A federal appeals court has decided to expedite a case over the legality of having a special master oversee the review of a trove of federal records seized from Mar-a-Lago.
A faster resolution to the Justice Department’s appeal in this case could more quickly bring a resolution to the criminal investigation into the handling of former President Donald Trump’s administration records after his presidency.
The Justice Department already has access to more than 100 documents marked as classified that the FBI took from Trump’s Florida estate. But thousands of other documents are being reviewed by a special master, and the DOJ is challenging that process. In expediting the Justice Department’s appeal, the 11th US Circuit Court of Appeals set a schedule that could make a decision by the end of next month possible.

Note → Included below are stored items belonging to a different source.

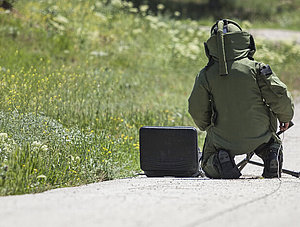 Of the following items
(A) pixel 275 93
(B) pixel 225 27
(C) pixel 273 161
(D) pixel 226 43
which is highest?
(B) pixel 225 27

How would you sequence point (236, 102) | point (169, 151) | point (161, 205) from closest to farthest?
1. point (161, 205)
2. point (236, 102)
3. point (169, 151)

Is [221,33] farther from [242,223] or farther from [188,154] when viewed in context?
[242,223]

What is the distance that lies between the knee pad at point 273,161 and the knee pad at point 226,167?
30 cm

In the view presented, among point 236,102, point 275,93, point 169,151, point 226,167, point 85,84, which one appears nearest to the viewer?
point 275,93

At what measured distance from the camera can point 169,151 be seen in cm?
616

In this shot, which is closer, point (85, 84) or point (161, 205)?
point (161, 205)

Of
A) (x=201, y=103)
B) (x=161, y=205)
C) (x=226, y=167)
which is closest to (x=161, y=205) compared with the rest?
(x=161, y=205)

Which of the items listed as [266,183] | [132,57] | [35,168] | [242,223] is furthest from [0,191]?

The appeals court’s decision to expedite came one day after Trump turned to the Supreme Court for intervention in a narrower legal matter related to the special master review. The litigation at the Supreme Court will move parallel to the proceedings happening at 11th Circuit Court of Appeals, unless either court takes further action.
The case stems from a decision by a trial-level judge in South Florida, Aileen Cannon, who agreed last month to appoint a special master at Trump’s request, following the search of his residence in August. That has tied up the Justice Department’s access to evidence for weeks.
The new order from the 11th Circuit, signed by Circuit Judge Adalberto Jordan, set a deadline for the final written submission in the appeal for November 17 and said that no extensions would be allowed.
“Having consulted with the Chief Judge, the appeal will be assigned to a special merits panel from the classified appeals log randomly selected by the Clerk,” the order said, a move that means that it will be a different set of judges reviewing the appeal than the circuit court panel who sided with the Justice Department in earlier litigation over the documents marked as classified.
The new panel “will decide when and how to hear oral argument,” the expedition order said.
Trump had argued the case shouldn’t be rushed, floating a schedule that would have dragged the appellate proceedings out until next year.
Apart from the documents marked classified, the special master has about 11,000 other documents seized from Mar-a-Lago. Trump has argued at least some of those documents should be off limits to federal investigators because they are covered by personal, presidential or attorney-client confidentiality.
The role of the special master – senior Judge Raymond Dearie – is to hash out those disputes, but Cannon would eventually have the final say.